Consider a relation $R = \{(x,y) \in (\mathbb{N}\times\mathbb{N}): 2y\leq x \leq 3y\}$
Is this relation antisymmetric? I can't even find any $(x,y)$ such that $(x,y)\in R \land (y,x)\in R$ , (note -$0\notin \mathbb{N}$)
or the relation
$R = \{(x,y) \in (\mathbb{N}\times\mathbb{N}): 2x \mid y\}$
In this case also there isn't any $(x,y)$ such that $(x,y)\in R \land (y,x)\in R$
does that make the relation antisymmetric?
On
Yes, these relations are antisymmetric.
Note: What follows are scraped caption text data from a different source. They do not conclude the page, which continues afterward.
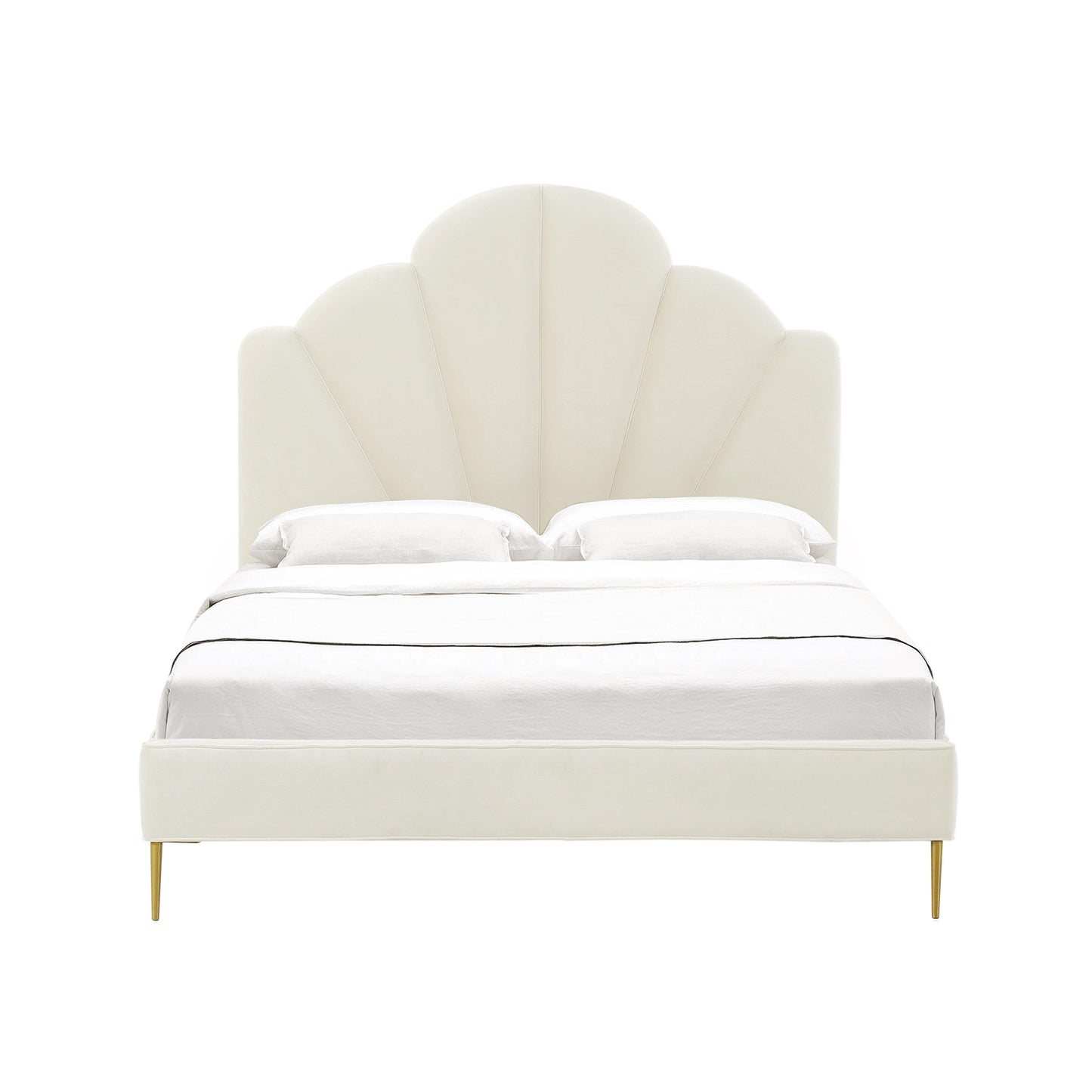 denise cream velvet bed in king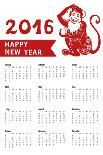 Calendar 2016.Chinese Zodiac Red Monkey.Vertical-Tatiana_Kost-Framed Stretched Canvas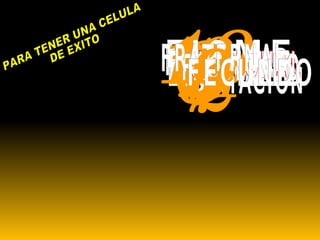PARA TENER UNA CELULA  DE EXITO 1  FIDELIDAD 2  FORMACION 3  FE 4  FIRMAMENTO 6  FERVIENTE 7  FACILITADOR 8  FUNCIONAL 10  FIRME 11   FACULTADO 12  FRATERNAL 9  FECUNDO 
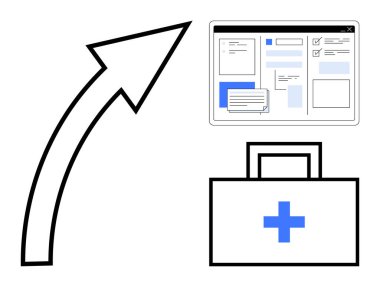 Tıbbi malzemeden dijital platform arayüzüne işaret eden ok çevrimiçi sağlık çözümlerine geçiş olduğunu gösteriyor. Sağlık hizmetleri yeniliği, teletıp, dijital araçlar ve teknoloji için ideal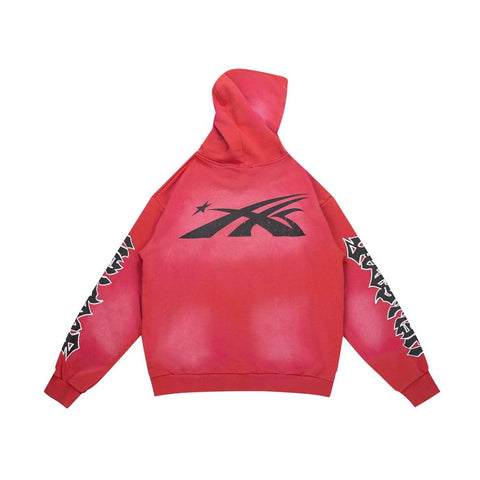 Y2K Gothic Street‑Wear Red Wash Hoodie Drawstring Pullover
To show a relation is antisymmetric, you need to show that if $(x,y) \in R$ and $(y,x) \in R$, then $x=y$. This is a statement of the form "if $P$, then $Q$." As you noted, $P$ is always false - there is no pair $(x,y)$ such that $(x,y) \in R$ and $(y,x) \in R$. This makes the implication "if $P$, then $Q$" vacuously true.
Another way to think about it is that "if $(x,y) \in R$ and $(y,x) \in R$, then $x=y$" is the same as saying "there is no pair of distinct elements $x \neq y$ such that both $(x,y) \in R$ and $(y,x) \in R$." Certainly this is true, because for any pair $(x,y)$ you come up with such that $(x,y) \in R$, you know that $(y,x) \notin R$.
By definition a relation $R$ on a set $X$ is antisymmetric if $$(x,y),(y,x)\in R\ \Rightarrow\ x=y.$$ So both the relations you give are antisymmetric; I believe you are able prove the implication for both relations.
I'm not sure what you mean by your question title; what does it mean for a relation 'not to apply'? If there are no $x,y\in X$ such that $(x,y),(y,x)\in R$ then the implication above is (voidly) valid.